Помимо того, что бить лежачего было невеликодушно, недостойно было и французской сцены впадать в подобное шутовство! Но тема-то была уж очень благодарная! В эпоху великой революции с подмостков, как будто на время, исчезла та аттическая соль, которая и прежде была и доныне остается счастливым уделом французской нации. События сменялись слишком поспешно, и в переживаемое время было всем не до острот. Те же, кто на них покушался, не был еще, очевидно, достоин стать преемником Вольтера.[348]
Оставался наконец еще третий жанр, более благородный и патриотический, — именно апофеоз республики и свободы. В следующей главе мы познакомим читателя с тем, что представлял из себя патриотический энтузиазм, охвативший революционное общество. Театр фатально должен был тоже отразить на себе это особое душевное состояние, иначе он не был бы зеркалом нравов. Опера, конечно, особенно подходила для постановки подобных пьес, настоящих феерий, нередко почти детского содержания, что еще делало их сносными, так как когда в них проводилась какая-нибудь тенденциозная идея, тогда они становились прямо невыносимыми.
В театре Эгалите давалась, например, пьеса «Свадьба Жан-Жака Руссо», представлявшая из себя одну длинную и снотворную проповедь на тему о гражданских добродетелях…

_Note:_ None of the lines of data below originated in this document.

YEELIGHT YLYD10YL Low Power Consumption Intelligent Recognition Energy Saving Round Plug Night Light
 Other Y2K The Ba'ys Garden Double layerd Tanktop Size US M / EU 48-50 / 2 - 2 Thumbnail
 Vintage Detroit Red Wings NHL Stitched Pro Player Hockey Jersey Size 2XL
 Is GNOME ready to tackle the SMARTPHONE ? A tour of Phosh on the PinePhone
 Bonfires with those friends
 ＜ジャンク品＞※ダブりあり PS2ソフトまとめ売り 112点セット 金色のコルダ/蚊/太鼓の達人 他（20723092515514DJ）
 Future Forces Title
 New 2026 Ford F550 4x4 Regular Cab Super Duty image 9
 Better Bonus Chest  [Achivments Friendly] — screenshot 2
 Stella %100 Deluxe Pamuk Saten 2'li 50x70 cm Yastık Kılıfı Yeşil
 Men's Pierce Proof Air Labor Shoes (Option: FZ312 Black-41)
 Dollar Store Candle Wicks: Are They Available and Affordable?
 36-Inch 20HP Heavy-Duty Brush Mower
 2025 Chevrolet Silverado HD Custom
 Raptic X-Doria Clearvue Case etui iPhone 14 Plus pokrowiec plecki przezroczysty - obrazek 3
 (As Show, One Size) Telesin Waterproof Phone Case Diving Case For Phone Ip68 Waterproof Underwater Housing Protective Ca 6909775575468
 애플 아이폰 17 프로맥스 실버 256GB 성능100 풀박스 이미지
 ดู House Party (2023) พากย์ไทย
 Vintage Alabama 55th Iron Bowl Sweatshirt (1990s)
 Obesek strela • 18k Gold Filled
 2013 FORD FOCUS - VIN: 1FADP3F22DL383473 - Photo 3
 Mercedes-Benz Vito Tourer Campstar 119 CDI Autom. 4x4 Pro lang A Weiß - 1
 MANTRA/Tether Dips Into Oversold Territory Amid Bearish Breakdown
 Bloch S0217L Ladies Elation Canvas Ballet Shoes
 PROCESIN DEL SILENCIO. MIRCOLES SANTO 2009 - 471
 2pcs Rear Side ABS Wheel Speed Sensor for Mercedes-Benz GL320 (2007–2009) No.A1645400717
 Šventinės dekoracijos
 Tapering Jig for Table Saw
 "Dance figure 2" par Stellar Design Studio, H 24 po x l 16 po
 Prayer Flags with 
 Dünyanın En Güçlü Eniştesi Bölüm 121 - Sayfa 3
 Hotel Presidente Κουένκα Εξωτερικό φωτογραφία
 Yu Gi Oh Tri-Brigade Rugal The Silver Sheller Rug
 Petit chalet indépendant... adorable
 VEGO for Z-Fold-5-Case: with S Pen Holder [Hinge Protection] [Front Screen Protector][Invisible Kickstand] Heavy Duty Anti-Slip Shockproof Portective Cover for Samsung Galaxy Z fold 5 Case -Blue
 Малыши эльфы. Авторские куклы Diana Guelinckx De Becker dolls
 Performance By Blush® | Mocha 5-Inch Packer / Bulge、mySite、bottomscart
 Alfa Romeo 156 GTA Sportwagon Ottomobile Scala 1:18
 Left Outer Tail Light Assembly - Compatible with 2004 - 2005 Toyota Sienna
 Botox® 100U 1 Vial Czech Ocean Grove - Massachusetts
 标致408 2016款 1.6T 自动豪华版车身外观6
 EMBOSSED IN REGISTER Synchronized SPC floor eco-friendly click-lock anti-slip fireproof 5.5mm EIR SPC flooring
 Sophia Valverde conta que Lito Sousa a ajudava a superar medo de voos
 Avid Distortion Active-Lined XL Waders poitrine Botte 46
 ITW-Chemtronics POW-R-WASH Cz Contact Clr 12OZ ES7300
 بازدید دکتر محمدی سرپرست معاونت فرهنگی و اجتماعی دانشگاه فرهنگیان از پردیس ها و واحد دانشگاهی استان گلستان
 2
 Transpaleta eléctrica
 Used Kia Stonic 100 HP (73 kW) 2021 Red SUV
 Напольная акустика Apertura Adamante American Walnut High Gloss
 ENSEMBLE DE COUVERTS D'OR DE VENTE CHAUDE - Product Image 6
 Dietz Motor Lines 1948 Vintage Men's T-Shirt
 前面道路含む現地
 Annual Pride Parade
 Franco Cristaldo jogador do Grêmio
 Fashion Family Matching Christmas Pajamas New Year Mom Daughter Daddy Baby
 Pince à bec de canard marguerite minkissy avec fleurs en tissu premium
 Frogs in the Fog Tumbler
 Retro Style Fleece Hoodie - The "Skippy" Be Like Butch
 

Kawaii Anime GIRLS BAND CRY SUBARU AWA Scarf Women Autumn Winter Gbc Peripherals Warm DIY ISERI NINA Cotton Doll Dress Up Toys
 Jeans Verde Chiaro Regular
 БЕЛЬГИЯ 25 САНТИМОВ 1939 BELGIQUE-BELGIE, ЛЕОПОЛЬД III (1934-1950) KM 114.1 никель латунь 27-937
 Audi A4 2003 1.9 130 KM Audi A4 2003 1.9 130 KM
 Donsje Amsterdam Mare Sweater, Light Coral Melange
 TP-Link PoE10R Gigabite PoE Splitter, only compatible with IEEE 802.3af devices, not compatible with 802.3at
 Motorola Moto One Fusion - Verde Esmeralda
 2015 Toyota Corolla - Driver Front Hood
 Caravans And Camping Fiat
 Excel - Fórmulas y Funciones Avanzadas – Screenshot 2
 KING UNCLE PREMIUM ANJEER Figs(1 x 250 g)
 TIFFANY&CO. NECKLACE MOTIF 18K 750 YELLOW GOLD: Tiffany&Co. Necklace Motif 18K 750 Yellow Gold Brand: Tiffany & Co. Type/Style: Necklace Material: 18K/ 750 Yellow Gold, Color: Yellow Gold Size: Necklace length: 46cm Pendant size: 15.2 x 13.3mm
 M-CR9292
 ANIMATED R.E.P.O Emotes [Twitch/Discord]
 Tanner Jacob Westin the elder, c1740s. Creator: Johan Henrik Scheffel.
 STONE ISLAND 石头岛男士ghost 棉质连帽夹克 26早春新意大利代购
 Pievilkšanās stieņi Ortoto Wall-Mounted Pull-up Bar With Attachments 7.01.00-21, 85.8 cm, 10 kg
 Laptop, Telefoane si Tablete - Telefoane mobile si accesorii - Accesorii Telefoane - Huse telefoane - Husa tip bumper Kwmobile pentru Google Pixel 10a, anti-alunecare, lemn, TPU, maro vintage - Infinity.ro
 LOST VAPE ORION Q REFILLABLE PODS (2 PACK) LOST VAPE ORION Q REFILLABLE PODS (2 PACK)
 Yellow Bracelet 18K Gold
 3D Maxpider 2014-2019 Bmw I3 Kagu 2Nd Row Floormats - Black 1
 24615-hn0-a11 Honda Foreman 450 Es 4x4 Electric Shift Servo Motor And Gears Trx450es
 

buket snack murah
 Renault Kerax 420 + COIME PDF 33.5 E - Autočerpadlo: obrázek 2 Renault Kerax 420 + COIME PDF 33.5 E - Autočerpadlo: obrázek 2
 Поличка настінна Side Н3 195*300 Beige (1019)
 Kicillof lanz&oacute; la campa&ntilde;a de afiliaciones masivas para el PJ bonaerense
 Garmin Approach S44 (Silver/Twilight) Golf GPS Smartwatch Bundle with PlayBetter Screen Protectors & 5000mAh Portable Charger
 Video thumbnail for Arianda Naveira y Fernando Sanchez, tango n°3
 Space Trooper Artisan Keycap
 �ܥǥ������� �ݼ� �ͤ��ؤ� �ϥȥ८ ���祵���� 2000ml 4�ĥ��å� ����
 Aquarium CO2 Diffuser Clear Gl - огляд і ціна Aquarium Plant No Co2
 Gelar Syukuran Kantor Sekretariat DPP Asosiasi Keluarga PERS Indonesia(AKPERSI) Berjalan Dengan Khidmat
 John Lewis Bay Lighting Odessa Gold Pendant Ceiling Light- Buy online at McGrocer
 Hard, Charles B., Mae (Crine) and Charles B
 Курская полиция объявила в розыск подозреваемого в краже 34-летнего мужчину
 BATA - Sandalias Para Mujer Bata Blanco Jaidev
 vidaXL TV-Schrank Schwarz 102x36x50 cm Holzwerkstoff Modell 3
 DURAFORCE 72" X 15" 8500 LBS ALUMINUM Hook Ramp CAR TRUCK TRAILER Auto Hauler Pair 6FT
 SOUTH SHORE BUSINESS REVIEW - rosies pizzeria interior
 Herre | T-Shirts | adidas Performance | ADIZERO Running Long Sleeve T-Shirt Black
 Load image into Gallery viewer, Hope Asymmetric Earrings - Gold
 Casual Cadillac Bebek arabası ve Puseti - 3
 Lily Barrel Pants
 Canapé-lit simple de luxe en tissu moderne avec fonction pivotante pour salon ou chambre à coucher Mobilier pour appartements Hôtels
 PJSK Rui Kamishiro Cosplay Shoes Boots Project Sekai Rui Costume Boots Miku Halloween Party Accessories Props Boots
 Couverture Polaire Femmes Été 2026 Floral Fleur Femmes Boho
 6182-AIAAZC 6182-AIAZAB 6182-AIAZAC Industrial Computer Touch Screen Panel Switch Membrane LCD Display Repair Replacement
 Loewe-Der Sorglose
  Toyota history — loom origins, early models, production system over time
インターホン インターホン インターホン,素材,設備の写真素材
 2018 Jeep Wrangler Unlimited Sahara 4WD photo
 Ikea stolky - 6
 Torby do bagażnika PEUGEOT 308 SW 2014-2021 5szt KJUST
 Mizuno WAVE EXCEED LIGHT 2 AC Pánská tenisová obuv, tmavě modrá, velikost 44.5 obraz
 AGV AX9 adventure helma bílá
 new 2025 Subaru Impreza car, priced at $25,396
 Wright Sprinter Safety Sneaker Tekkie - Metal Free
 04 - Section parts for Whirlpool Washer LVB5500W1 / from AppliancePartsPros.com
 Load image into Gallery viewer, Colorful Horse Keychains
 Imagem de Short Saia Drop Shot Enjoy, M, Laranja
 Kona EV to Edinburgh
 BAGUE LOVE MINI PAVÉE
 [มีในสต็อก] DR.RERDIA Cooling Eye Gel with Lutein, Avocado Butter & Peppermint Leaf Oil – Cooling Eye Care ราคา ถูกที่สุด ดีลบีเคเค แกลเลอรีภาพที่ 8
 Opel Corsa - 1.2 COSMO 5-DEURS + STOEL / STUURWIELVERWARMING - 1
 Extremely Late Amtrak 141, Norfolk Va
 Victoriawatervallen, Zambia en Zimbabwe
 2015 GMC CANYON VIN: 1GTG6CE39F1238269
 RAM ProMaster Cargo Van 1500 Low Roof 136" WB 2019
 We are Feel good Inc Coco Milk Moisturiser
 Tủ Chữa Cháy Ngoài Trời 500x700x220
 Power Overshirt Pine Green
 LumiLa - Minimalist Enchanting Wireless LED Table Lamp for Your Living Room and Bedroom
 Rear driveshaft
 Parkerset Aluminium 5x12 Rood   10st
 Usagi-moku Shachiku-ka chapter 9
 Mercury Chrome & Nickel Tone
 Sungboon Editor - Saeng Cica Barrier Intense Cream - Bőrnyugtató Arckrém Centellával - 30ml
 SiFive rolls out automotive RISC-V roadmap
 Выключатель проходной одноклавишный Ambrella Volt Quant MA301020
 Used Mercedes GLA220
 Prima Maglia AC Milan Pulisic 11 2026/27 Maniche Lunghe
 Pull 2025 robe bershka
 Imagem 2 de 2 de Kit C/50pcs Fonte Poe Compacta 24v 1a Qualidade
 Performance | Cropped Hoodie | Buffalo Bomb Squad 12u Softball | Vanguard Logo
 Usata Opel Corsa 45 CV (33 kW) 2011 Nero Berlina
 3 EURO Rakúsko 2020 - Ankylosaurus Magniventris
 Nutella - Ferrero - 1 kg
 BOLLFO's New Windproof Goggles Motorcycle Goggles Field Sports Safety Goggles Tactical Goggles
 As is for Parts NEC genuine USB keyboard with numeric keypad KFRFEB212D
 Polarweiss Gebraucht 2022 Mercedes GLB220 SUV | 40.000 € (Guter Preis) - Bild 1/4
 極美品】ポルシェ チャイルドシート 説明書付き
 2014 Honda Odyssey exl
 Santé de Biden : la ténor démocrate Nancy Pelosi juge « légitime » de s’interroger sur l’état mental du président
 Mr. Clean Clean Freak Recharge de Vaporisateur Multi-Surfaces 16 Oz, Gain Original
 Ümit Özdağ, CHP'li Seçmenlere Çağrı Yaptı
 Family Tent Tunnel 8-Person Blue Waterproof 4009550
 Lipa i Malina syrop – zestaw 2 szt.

Чаще всего авторы изображали какие-нибудь события из последних войн: взятие Тулона, осаду Лилля, великодушное самопожертвование волонтеров, отъезд санкюлотов на поля Вальми и Жемаппы и т. п. Наступила какая-то эпоха псевдовозрождения. Тальма проповедовал возвращение к языческому античному миру; начали говорить пресерьезно о всяких Мильтиадах, Манлиях, Торкватах, Муциях-Сцеволах, Брутах и проч.
Пушечные выстрелы, парадные смотры и маневры, торжественные гимны в честь добродетели и родины — все это наполняло души зрителей каким-то деланным, искусственным восторгом. Положим, нельзя отрицать, что эти пьесы, при всей своей наивности, служили для народа известной школой гражданственности, смягчали нравы толпы и изгоняли человеконенавистничество, но они только и были под стать той публике-ребенку, которую представляло революционное общество.
В них нельзя, конечно, искать никакой сложной эстетики или жизненных положений и дилемм, да тогдашние критики отнюдь и не скрывают, сколь малого они требуют от драмы. «Мы должны судить теперь драматические произведения не по правилам чистого искусства или по мерке древних поэтических произведений, а в их соотношении с народным образованием и в зависимости от того, насколько они служат распространению духа общественности. Нужно только, чтобы автор не пренебрегал окончательно искусством нравиться своим зрителям».[349]